API partitioned into "simple" and "full" modules.

Christian complained that my original API was too complex. The problem is that unfortunately the tar format is more complex than we would wish and some applications do need to know about some of the details. In particular some applications need to know the format in use (V7, USTAR or GNU) and need access to meta-data like permissions and timestamps.

The solution we arrived at is the partition. Use cases that need more can import an extra module to get access to the details of what a tar Entry actually consists of.

API allows constant-space operations and pure exception handling.

There is no need to use exceptions (catch) to handle errors in decoding tar files. It can be done purely. At the same time it is possible to process large tar files in constant space; e.g. create / extract. This is done using the Entries type which is essentially a list data type but with an extra alternative for decoding errors.

This same approach of marrying exceptions and lazyness is now used in the zlib package because the previous approach of using exceptions proved insufficient for some applications (notably darcs).

Evidence of consensus

The current design has been through several iterations of API review with Christian Maeder. The thread starts here: http://www.haskell.org/pipermail/libraries/2009-February/011320.html Some of the discussion is not on the public mailing list. I think we have addressed almost all the concerns that he and I raised in our discussions.

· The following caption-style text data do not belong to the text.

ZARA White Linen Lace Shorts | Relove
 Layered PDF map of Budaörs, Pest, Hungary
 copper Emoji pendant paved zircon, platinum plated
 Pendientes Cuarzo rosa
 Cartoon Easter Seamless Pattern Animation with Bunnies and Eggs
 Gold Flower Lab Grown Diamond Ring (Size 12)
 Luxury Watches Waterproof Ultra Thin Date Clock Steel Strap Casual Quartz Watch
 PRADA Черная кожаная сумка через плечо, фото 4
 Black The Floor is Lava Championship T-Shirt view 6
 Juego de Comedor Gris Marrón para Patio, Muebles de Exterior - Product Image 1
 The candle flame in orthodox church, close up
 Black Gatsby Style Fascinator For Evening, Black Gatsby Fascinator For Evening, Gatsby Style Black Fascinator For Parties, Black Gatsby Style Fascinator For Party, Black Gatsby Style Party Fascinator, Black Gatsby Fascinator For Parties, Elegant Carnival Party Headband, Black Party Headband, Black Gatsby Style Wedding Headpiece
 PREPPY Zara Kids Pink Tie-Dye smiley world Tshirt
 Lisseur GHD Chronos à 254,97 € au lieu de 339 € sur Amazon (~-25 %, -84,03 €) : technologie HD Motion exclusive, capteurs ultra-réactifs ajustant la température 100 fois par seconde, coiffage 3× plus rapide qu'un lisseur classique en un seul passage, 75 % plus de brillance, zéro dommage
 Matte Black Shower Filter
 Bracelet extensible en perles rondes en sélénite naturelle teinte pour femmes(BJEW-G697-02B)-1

One remaining issue is that the package provides > getDirectoryContentsRecursive :: FilePath -> IO [FilePath] which might be better in System.Directory. It's pretty useful for the case of constructing a tar archive where you want to use a non-default file path mapping or if you want to filter the list of files included.

The design and implementation have also been tested in real-world use cases in the cabal-install and hackage-server programs.

The cabal-install tool uses (a bundled copy of) the tar code for:

  • the "cabal sdist" feature
  • unpacking .tar.gz cabal packages
  • the hackage index file (00-index.tar.gz)

In particular the last case is one where we need more than simply unpacking a tar file. We read and examine the index file every time the user runs the configure or install commands to discover the set of available packages.